I've been sort of down on Chicago street festivals, whether it's Koreanfest or Finnfest you somehow wind up seeing the same pork skewer vendors and insurance company booths at them, but I had a great time earlier this summer at Pierogifest
and so that inspired me to finally take David Hammond's advice
and go to Taste of Melrose Park.Meet famous Italian celebrities at Taste of Melrose Park.
We hooked up with Hammond and his wife Carolyn Berg, surprised that no other LTHers had taken him up on his posted offer, and he led us to several of the best choices— there were some hearty, enormous arancini (rice balls), and I really liked Melrose Park Peppers, apparently an old local specialty but hard to find now, basically Italian sausage and sauteed green pepper in a bun with marinara sauce.
Others, even if I wasn't 100% wild about them, where else are you going to go to a street fest and find artichoke casserole in a styrofoam cup? Try to get that on the north shore. I certainly liked it better than the bread bowl with pasti e fagioli, which threatened to take up way too much valuable stomach space for its fairly ordinary Italian restaurant flavor.
Hammond had more of an adventurous palate than myself, he tried both the clams:
and a stand offering, curiously, soul food-style neckbones, which were pretty rank, he couldn't get anybody else to try a bite.
We tried other stuff— one kid nursed a pizza slice for about a half hour until a fried Twinkie came his way— but the two things we were really out to try were the famous sfingi, eggy donuts made by an order of nuns, which had at least an hour's worth of line waiting for the sisters to get each batch out of the fryer:
And the famous fried bologna sandwiches, showcased in Hammond's article linked above. He and I stopped by their stand as the others waited for sfingi and he was embraced as a celebrity for having driven traffic to their booth from as far as Glenview. They also said they wanted to meet his wife (read the article, you'll see why) and so we relayed that news as we took bologna sandwiches back to our line-bound compatriots. I was really surprised how good the bologna sandwich was— the combination of fried, slightly blackened and crispy bologna, mustard and sweet caramelized onion, and white bread was great, like a minimalist Chicago hot dog flattened out.
Once we had our sfingi— likewise wonderful, the egginess making them like something between a donut and French toast—
—we made our way back to the bologna booth and Carolyn was embraced as a long lost sister. In gratitude to Hammond for the article, they invited all of us into the back of their booth for a slice of homemade cheesecake.

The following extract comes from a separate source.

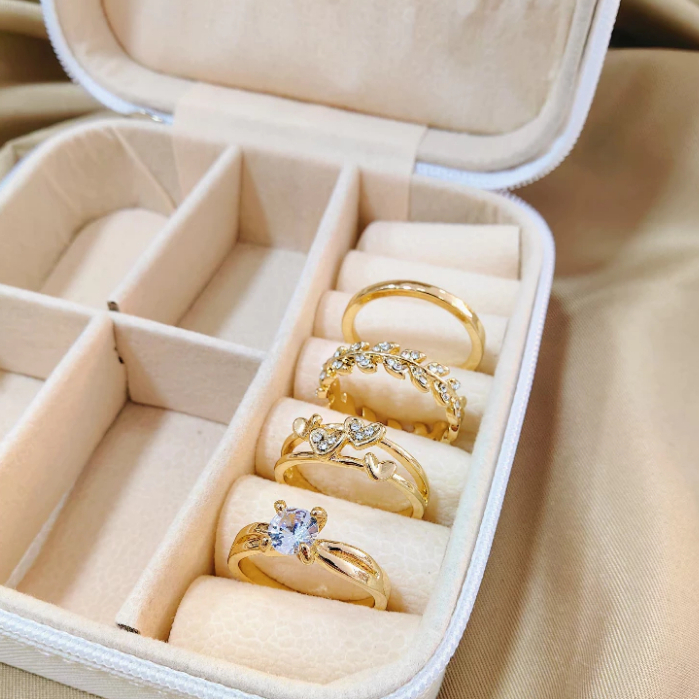 Kit 4 Anel estilo Delicado Atacado Banho Verniz Bijuteria em Oferta na Shopee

As much fun as the fest itself is, as true as it is to the warmly outgoing Italian-American spirit, it quickly became clear that the real fun, the real neighborliness, the real spirit of the fest is in what goes on in the back alleys of the booth rows, where the different stands— mostly amateurs— trade food and recipes and goodnatured jokes back and forth. And that cheesecake! It might not have been the best one I ever had in my life, maybe only in the last 20 years, light and creamy and made with love. I couldn't have been prouder of my younger son when she asked him how he liked it and his eyes rolled back in his head and he just said, "Soooo gooooood." Right answer, Liam, if you want to be invited back next year. Seriously, I don't know how you swing an invitation into the vendors' social lives, but Hammond did so on our behalf, and it was one of the highlights of my summer.